Lima plant to boost work force

11/18/2000
BY JON CHAVEZ
BLADE BUSINESS WRITER

LIMA, O. - General Dynamics' tank plant here will add 50 workers to help produce lighter armored vehicles with wheels that will serve as the backbone of a faster, more mobile, and quicker-reacting U.S. Army.

Production on components for the Light Armored Vehicle, dubbed the LAV-III, might start within five months. The Army, which has ordered 2,131 of the vehicles at a total cost of $4 billion, expects to receive the first 300 vehicles by October.

The Lima tank plant, which employs 480 hourly workers, will construct the upper body and a 105mm cannon for the LAV-III. The vehicle will weigh 19 tons, or less than a third of conventional tanks, and can be configured into a tank-like vehicle with a cannon, a personnel carrier, a reconnaissance vehicle, or a computer command center.
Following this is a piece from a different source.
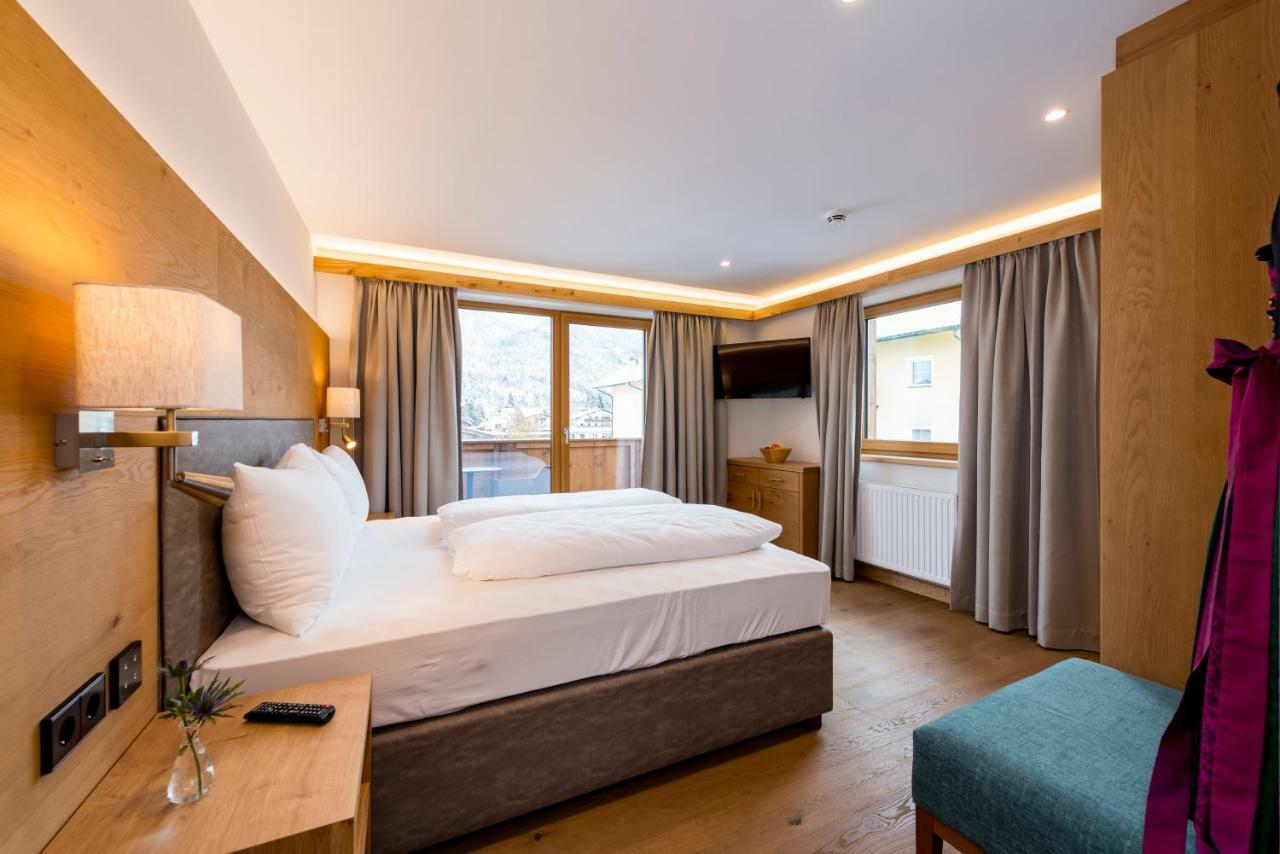 Aparthotel Tiroler Weinstube Seefeld in Tirol Exterior foto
Other plants in the United States and Canada that will finish assembly of the vehicles are owned by the project's joint venture partners, General Dynamics' Land Systems Division and General Motors Corp.

Along with production of the light armored vehicle, the Allen County factory annually will continue to make about 120 specially-enhanced versions of the Abrams M1A2 tanks for the U.S. Army until 2003.

``It's been a real good Friday,'' said Jeff Monroe, president of United Auto Workers Local 2075 at the Lima plant.

``We don't know a whole lot. The only thing we know now is that it is an asset to the plant. It's another product line - and it gets our foot in the door for the Army's plan for transforming over to lighter vehicles.''

Heavy tanks have been the prime combat vehicle of the U.S. Army since shortly after World War I, and the 70-ton Abrams proved its superiority in the Persian Gulf War by routing enemy tanks in open combat.

But in recent years, especially in Kosovo, larger tanks proved to be harder to deploy and difficult to maneuver in heavily wooded terrain with narrow roads and light bridges.

As a result, Army officials have been rethinking the role of the tank and arguing for lighter wheeled vehicles that can be used in smaller conflicts or peacekeeping missions.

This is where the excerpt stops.